We had a wonderful time, and now my batteries (typed that "betteries," and I think there MUST be a place in us all---a magical socket seldom used, for betteries to keep us primed for the slow times, the hard times) are storing up and my mind refreshing, for the words are coming, though sparse.     I'm trying to think of something, anything, to write about---reminiscing over Cajun friends of my youth, some old cooking memories, how feeding the Harvesting Crew in my own first-married years matched the old Harvest Dinners put out by the farm women when the Threshing crews came through in the old times, making their clean sweeps of the fields.   

I woke today thinking of the prizes on Queen for a Day, remembering the mink stole and a buncha Lanvin stuff and a bottle of FAME-by-Corday, along with stoves and dishwashers and sets of dishes and cookware.   And I dream of the books of my childhood, most of which set me on the road to all my love of reading.




So, despite setting some of the bits and pieces into WORD for translation to something comprehensible, I'm still whirling through the past, in a flurry of Apricot Nectar Cake, Nancy Drew, and Autumn Haze Mink.   (Yes, I know those books should have been something lofty,  like Plutarch's LIVES or Landor's CONVERSATIONS, but Nancy Drew it was, and I’ll not apologize for it).   Think of how many dedicated nurses owe their career choice to those little Trixie Belden paperbacks, or the ground-breaking female newspaper columnists and TV newscasters spurred on their way by the captivating Brenda Starr, and rejoice.   I’ll go now---this has turned into an enormous tutti-fruiti/potpourri/paperback twinkle-light peach cobbler of memories.

Moiré non, perhaps.

Y'all be sweet.
 




Monday, January 5, 2015

LUCK BREAD




On this first official Back-From-The-Holidays for school and lots of working folks, I’m just wandering a bit in all the pictures which were snapped a year ago---the bright moments around the table, the twinkles of the tree, the hush of the snow as it encompassed us all in such soft captivity this time last year.
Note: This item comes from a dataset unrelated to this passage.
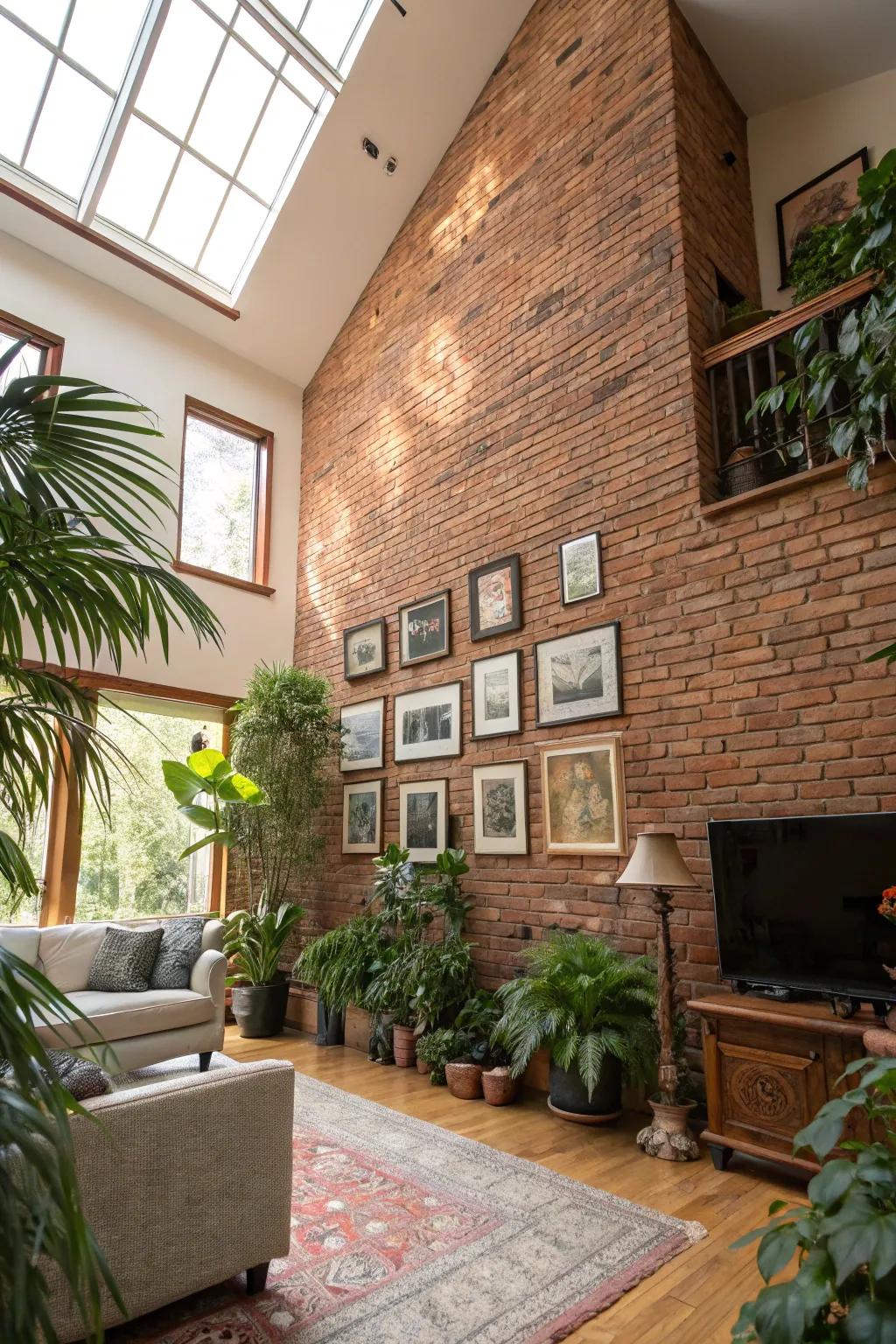 A high-ceilinged living room that has a large brick wall enhancing vertical space.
From the little thumbprint picture in last Winter’s album-to-choose-from, I couldn’t for the life of me decide quite WHAT this was---an odd splash of golden yellow on a sea of whites---not quite your usual photo of anything, animal, vegetable or mineral.    And it was simply the beginnings of CORNBREAD---the drys softly cuddling the puddle of buttermilk, with the eggs gently dropped in one-at-a-time.  

Only this time, there were two yolks in one of those splendid Jumbo eggs---a twinning of might-be that missed the hatch to come down the line in that neatly-dozened white box to my kitchen, for the New Year’s bread to go with the Black-Eyed Peas and Collards of the new 2014.   A Lucky Egg for the new beginning---both fresh and shining and filled with promise.    The luck was beaten into that bowl of batter, poured into the butter-sizzle of a black skillet older than my children, and shared on that first day of the year.
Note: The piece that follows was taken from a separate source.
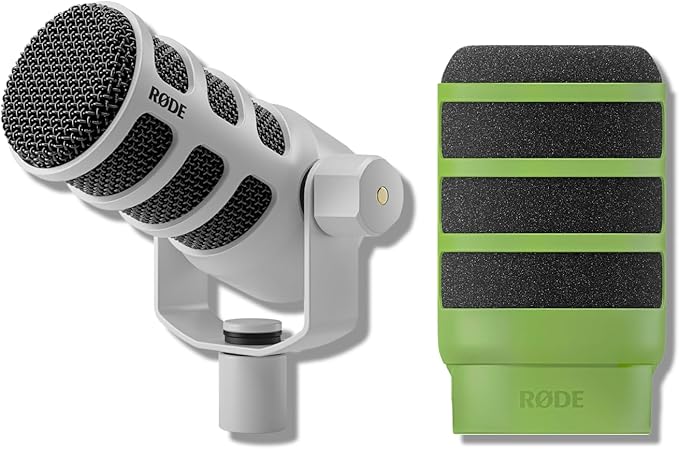 Rode PodMic (White) Cardioid Dynamic Broadcast Microphone with WS14 PodMic Pop Filter - Green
And the year WAS bright in most places, with luck or angels riding on our shoulders on several notable occasions---Sweetpea’s escape from an upside-down van in an ice-skid last Winter (“Ganjin, we went swooo and swirrrrrl and upside down and then I was looking down at MONEY ON THE CEILING!”)

And the absolute terror of June, when Chris’ health scare put us all into a dreadful hold til he could heal and have such a wonderful report in November---Thanksgiving, indeed.  He’s bright and joyful as ever, having just trimmed his beard from going about resembling Santa for a couple of months, even to the unabashed wearing of that red-and-white hat, even on service calls, for the month of December.   There’s just something about a man who so knows who he IS that he can wear and do a lot of things which mere mortals would decline---and I think the sight of a fella who’s comfortable with his knees scrunched beneath a tiny tea table, sipping p’tend tea from wee pink cups, is even more romantic and appealing than any table for two with roses and champagne.  


And so, for this bright New Year, I wish you all great slices of Luck Bread, filled with all the flavours which make you happy.   And may all the bread you cast upon the waters come back CAKE.